BS Corporate Bureau in Mumbai | October 29, 2004 12:24 IST

Anglo-Dutch toileteries and foods major Hindustan Lever has received another drubbing in the market, going by its third quarter results.

Asked how much longer HLL's financial results would continue to tumble, HLL vice-chairman M K Sharma retorted: "Let me be blunt. Ask P&G."

That's because, in the last one year, a rejuvenated Procter & Gamble, which slashed the prices of its detergents and shampoos, has been taking the wind out of HLL's sails. By cutting the prices of its Ariel and Tide detergents, P&G got HLL to do the same with its Surf and Rin brands.

The FMCG major today reported a 26.9 per cent drop in its net profit at Rs 324.32 crore (Rs 3.24 billion) for the quarter ended September 2004, down from Rs 443.22 crore (Rs 4.43 billion) in the corresponding period of last year.

With this, HLL now has recorded decline in net profit for five consecutive quarters.
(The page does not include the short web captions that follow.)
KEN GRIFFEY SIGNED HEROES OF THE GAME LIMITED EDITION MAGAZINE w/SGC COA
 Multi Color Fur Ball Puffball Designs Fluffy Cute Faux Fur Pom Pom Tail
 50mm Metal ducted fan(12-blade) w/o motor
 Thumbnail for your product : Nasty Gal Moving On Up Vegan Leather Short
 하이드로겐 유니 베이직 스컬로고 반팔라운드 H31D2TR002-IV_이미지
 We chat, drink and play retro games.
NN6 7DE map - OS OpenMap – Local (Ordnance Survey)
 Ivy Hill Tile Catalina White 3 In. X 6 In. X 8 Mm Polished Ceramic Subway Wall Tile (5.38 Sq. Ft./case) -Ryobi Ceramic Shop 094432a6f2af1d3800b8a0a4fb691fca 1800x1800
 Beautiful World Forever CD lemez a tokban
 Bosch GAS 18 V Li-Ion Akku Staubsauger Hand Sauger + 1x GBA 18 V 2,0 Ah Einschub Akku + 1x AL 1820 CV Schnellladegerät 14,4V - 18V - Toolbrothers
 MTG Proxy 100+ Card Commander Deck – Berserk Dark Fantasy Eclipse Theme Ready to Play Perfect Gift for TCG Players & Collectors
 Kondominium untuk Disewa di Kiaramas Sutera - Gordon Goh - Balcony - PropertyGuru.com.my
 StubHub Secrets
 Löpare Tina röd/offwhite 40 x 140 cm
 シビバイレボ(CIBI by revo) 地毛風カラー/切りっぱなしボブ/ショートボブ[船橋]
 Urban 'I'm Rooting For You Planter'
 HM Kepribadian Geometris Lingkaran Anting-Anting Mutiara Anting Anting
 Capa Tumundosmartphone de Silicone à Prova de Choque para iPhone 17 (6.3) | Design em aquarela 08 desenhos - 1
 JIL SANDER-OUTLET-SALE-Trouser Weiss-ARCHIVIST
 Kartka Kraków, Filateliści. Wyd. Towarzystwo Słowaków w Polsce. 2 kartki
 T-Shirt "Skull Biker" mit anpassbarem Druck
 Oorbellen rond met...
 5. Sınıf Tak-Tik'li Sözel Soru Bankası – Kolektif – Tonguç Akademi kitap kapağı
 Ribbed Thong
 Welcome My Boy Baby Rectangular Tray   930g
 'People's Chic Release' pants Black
The drop in topline has been for four quarters in a row.

This also came at a time when HLL's other categories -- hair care and oral care -- were under similar pressures from both the premium and low-end players.

Said S P Mustapha, vice president, treasurey, M&A & investor relations at HLL, "There are competitive pressures building up in the laundry segment both at the top end and the middle segment where our Rin operates. This may see prices move up." He however ruled out any price cut in the shampoo segment for the time being.

Sharma, in comparison, was more blunt in his approach to business strategy. He refused to make any forward looking statement but said: "We are hired by the shareholders to do the right things and we will do whatever is right for the company."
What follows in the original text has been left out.